El sábado santo siempre será esa ocasión en la que María tuvo que aprender una lección postrera: no sólo escuchar lo que Dios decía, sino escuchar también lo que Dios callaba. Y así nos encontramos nosotros en ese trance creyente cada vez que el Señor nos dice algo o cada vez que nos lo silencia. Momentos gozosos de palabras chispeantes que son fáciles de escuchar y hasta probar a dialogar con ellas. Momento más humildes y sobrios en donde Dios nos dice tantas cosas sin mover sus labios hablándonos en los entresijos de nuestras glorias o en las penurias de nuestras trincheras.

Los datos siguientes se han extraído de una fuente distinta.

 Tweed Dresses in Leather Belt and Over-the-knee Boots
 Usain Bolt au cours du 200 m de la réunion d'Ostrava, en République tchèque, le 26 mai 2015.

María dijo siempre y sólo aquello que definió su vida entera: hágase en mí según tu Palabra. Como cada uno de nosotros que hemos nacido para escuchar esa Palabra que eternamente silenció Dios para decírmela a mí y para gritarla conmigo. Benditos nosotros si no somos sordos a su voz, si no endurecemos el corazón, como ya nos avisaba el salmista, y nos abrimos a la escucha de quien tiene algo que decirnos para nuestro bien y para hacer el bien con nosotros.

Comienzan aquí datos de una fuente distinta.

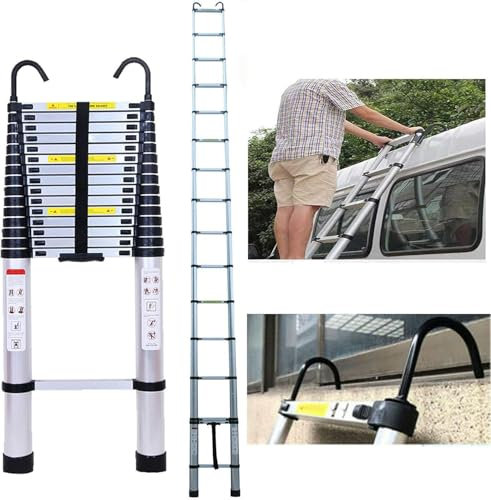 Teleskopleiter mit abnehmbarem Haken 6,2M Aluminium, Teleskopleiter, ausziehbar, faltbar, für den Innen- und Außenbereich, sicher und langlebig, max. Tragkraft 150 kg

Este silencio de Dios que ha llenado el sábado santo, ha derramado su respeto a la oscuridad que Jesús había elegido para este día. Sufrió la muerte oscureciendo como nunca el sol, y su penumbra real no ha sido maquillada por unas luces de artificio con fecha de caducidad. Es el tirón de todo aquello que se apaga de veras y que nos deja al pairo de todas nuestras intemperies. Es la oscuridad que ensombrece cuanto en algún momento brilló con luz propia. Sábado santo de penumbra y de muerte, de silencio de tumba, de temor de relente en la noche sin menguante.

Así hemos comenzado este Vigilia Pascual tras estos días atrás de asomarnos a la Pasión de Jesús con sus previos y sus suertes. Las cenas de confidencias, de traiciones, como aquella postrera que anticipó el prendimiento en el huerto de los Olivos y toda la catarata de vaivenes entre juicios, empujones, azotes, coronaciones de espinas, burlas… Luego la vía Dolorosa en un tira y afloja de indiferencia y desprecio, mientras iba subiendo Jesús por una calle de amargura hasta la ventanilla del calvario donde pagaría por mi salvación y donde anularía mi eterna muerte. Así hasta que expiró con el último estertor como un malvado quien fuera el más inocente.

Pero la penumbra que nos arrebujaba y acorralaba hace un instante en un rincón del claustro de la Catedral de Oviedo, de pronto se ha hecho remisa y sin resistencia se ha hecho sumisa ante la llegada del hermano fuego. Él traía su lumbre y su luz, capaz de poner calor en nuestros tiritones y acercar la claridad a nuestros rincones oscuros. Era hermoso ver la filigrana de nuestros rostros, apenas apuntados en la majestuosidad apagada de la noche que nos rodea. Símbolo veraz de otros apagones con los que nuestra vida deambula. La hoguera ha sido bendecida pidiendo al Creador que pusiese de nuevo su mano sobre las llamas. No era una hoguera para la acusación, para la negación y para el llanto, sino una hoguera en la que Dios mismo ha encendido su luz capaz de disipar todas nuestras tinieblas. “Luz de Cristo. Demos gracias a Dios”, hemos venido cantando en procesión tras el cirio pascual que nos introducía en la noche santa. Nos hemos ido pasado la luz, como quien comparte la lumbre que como don ha recibido, ese fuego que purifica aunque no destruye, esa luz que alumbra sin deslumbrar.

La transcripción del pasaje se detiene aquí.